A Simple Artificial Neuron

<Conclusion>

A single TLU is limited

A single TLU operates as a binary classifier restricted to linearly separable classification problems. It is restricted to linearly separable problems because the two intersecting hypersurfaces are flat hyperplanes, and so intersect in a straight line.

The hypersurface derived from the weight values is flat because the input activation is calculated as a linear polynomial: it has no higher order terms. (activation a, input i xi, weight i wi)

a = w1x1 + w2x2 + ... + wnxn

To solve classification problems that are not nonlinearly separable we need to form a higher order polynomial.
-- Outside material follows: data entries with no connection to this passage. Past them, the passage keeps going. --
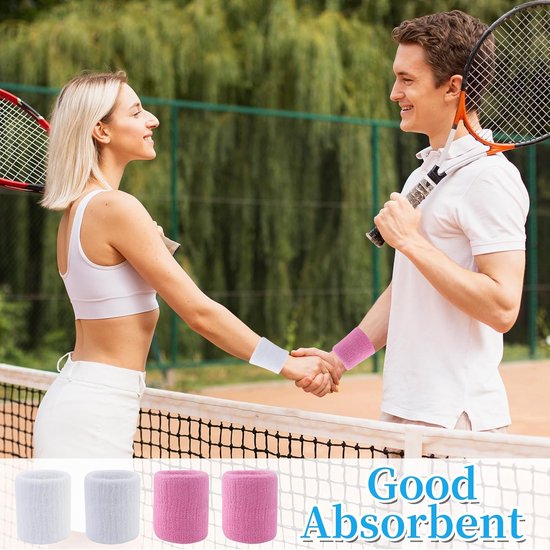 4-Pack Sweat-Wicking Wristbands - Super Stretch Cotton Sports Wristbands - Sweat-Wicking Wristbands - For Tennis, Sports, Basketball, Gymnastics - (Pink and White)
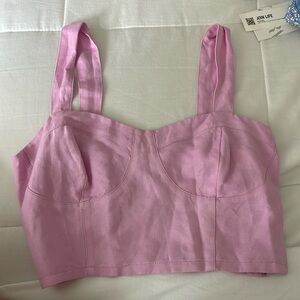Forever 21 pink corset cotton top size small
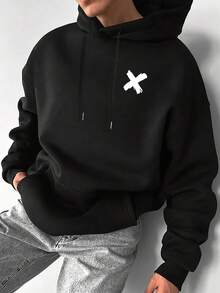 Sudadera con estampado pixelado versátil y de uso diario para hombre, otoño/invierno - Negro - Ver 2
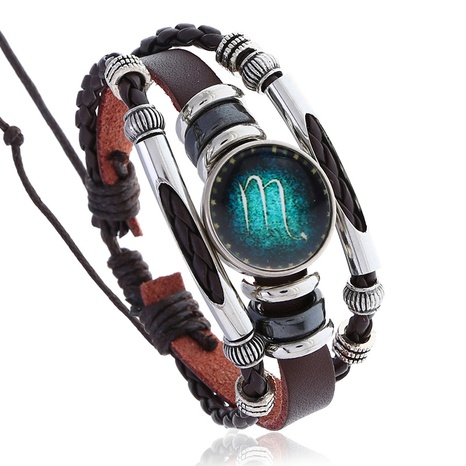 Nihaojewelry retro luminous constellation cowhide bracelet Wholesale jewelry's discount tags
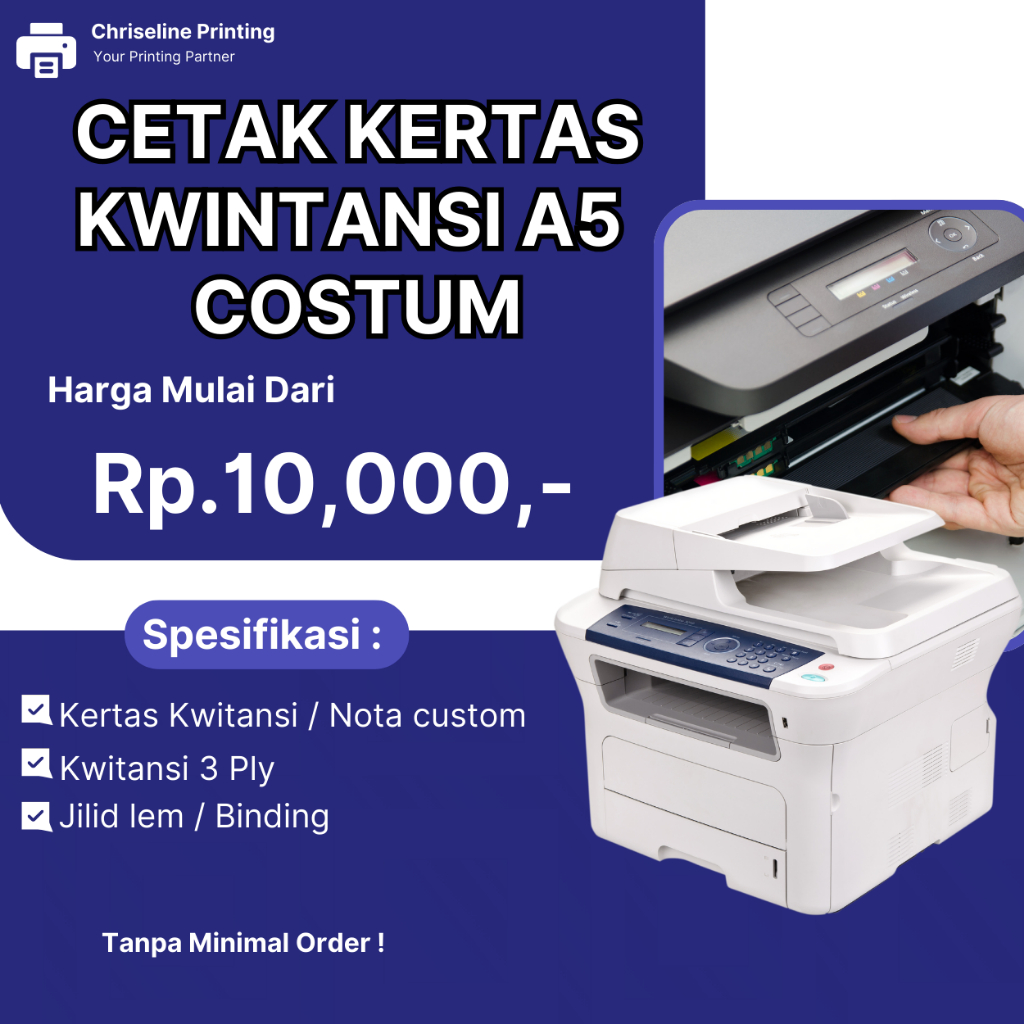 Cetak Kwitansi / Nota Custom 3 Ply  Letter/A4/A5/A6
This can be done by either introducing higher order terms before summation or by pre-processing the input with a preceding layer of TLUs: Both methods deform the hypersurface formed by the activation polynomial.

Networks of TLU's

McCulloch and Pitts proved that a sufficiently large network of TLUs can solve any given Boolean classification problem (including nonlinear ones) by showing how the fundamental operators of propositional logic can be constructed from networks of TLUs. In fact, only two layers of TLUs are sufficient to emulate any given linear or nonlinear function.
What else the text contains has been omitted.